[Opening EXCERPTED RECORDS section]

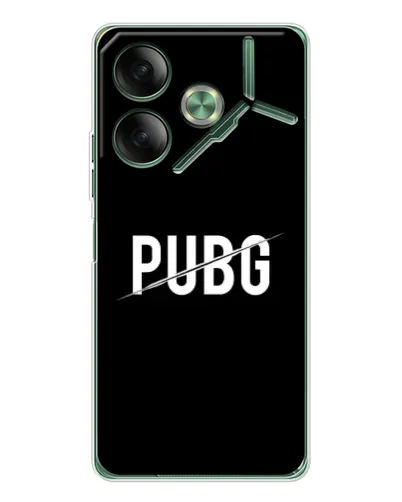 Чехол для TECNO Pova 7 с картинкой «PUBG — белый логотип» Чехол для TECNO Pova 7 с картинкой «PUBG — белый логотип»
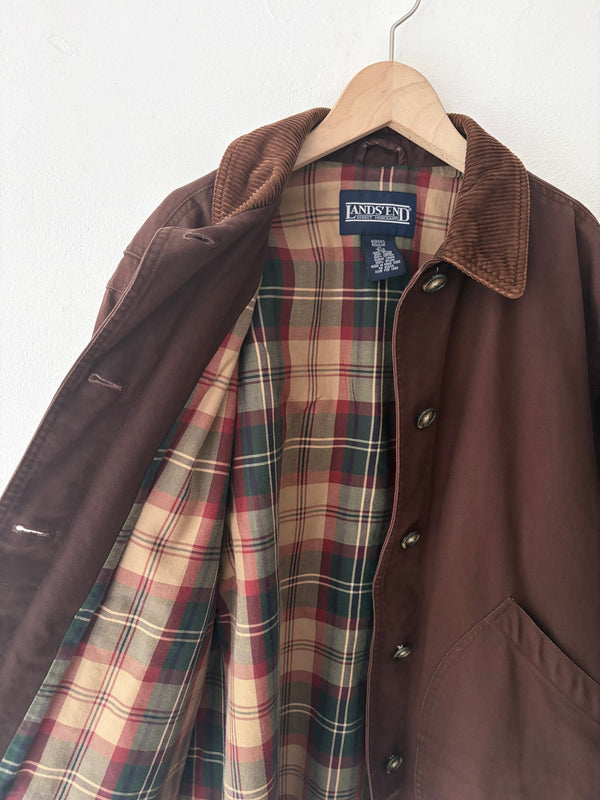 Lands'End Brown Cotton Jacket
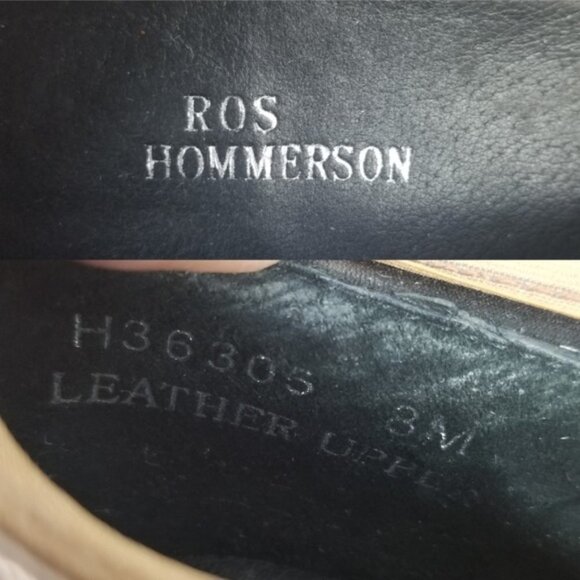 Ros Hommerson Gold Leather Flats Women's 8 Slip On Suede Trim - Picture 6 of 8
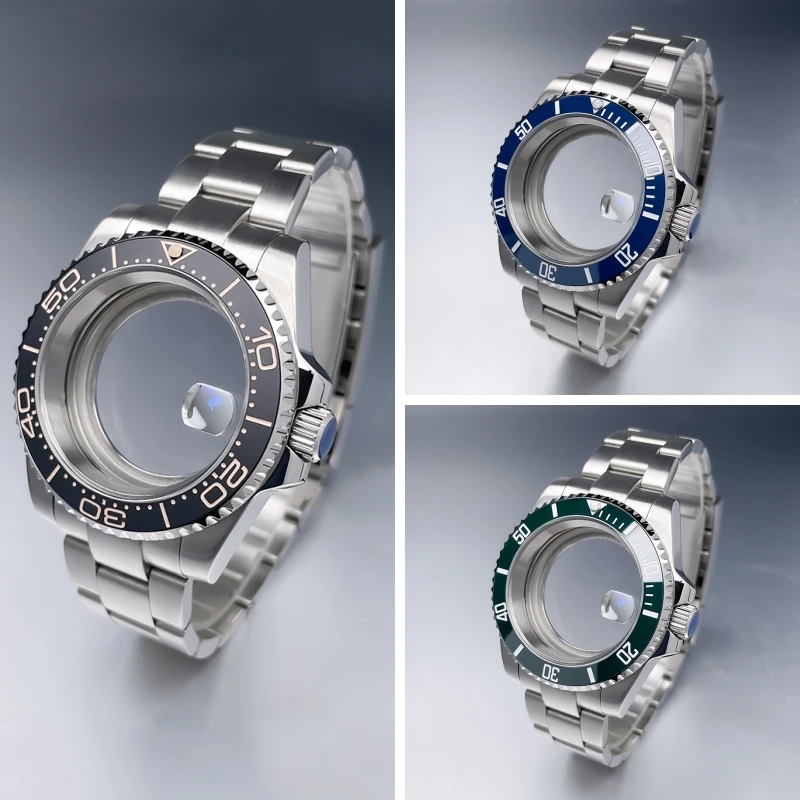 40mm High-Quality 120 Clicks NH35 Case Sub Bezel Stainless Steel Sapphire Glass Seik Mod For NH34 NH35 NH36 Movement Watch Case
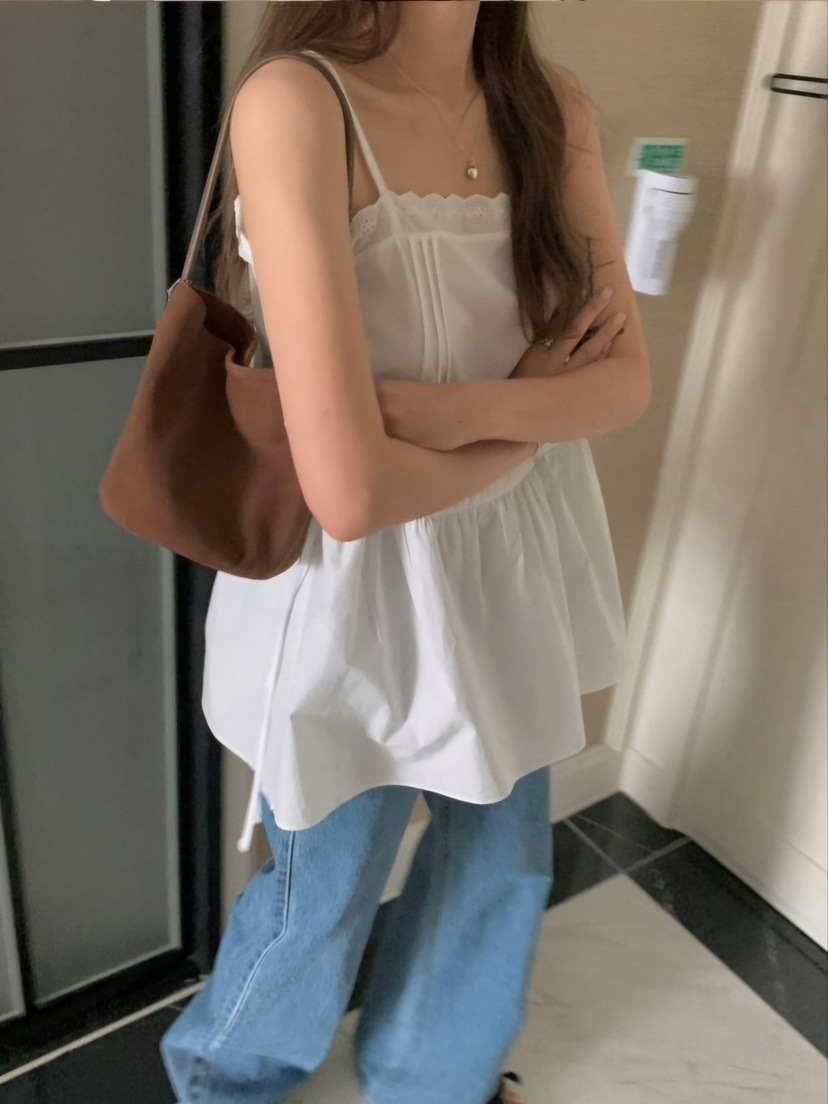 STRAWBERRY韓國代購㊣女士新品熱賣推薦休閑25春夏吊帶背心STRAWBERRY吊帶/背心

[Closing EXCERPTED RECORDS section]

- [WHAT TO WORK ON] Would you give the data above again word for word, minus the pictures?

- [PROBLEM SOLUTION]
 Чехол для TECNO Pova 7 с картинкой «PUBG — белый логотип» Чехол для TECNO Pova 7 с картинкой «PUBG — белый логотип»
 Lands'End Brown Cotton Jacket
 Ros Hommerson Gold Leather Flats Women's 8 Slip On Suede Trim - Picture 6 of 8
 40mm High-Quality 120 Clicks NH35 Case Sub Bezel Stainless Steel Sapphire Glass Seik Mod For NH34 NH35 NH36 Movement Watch Case
 STRAWBERRY韓國代購㊣女士新品熱賣推薦休閑25春夏吊帶背心STRAWBERRY吊帶/背心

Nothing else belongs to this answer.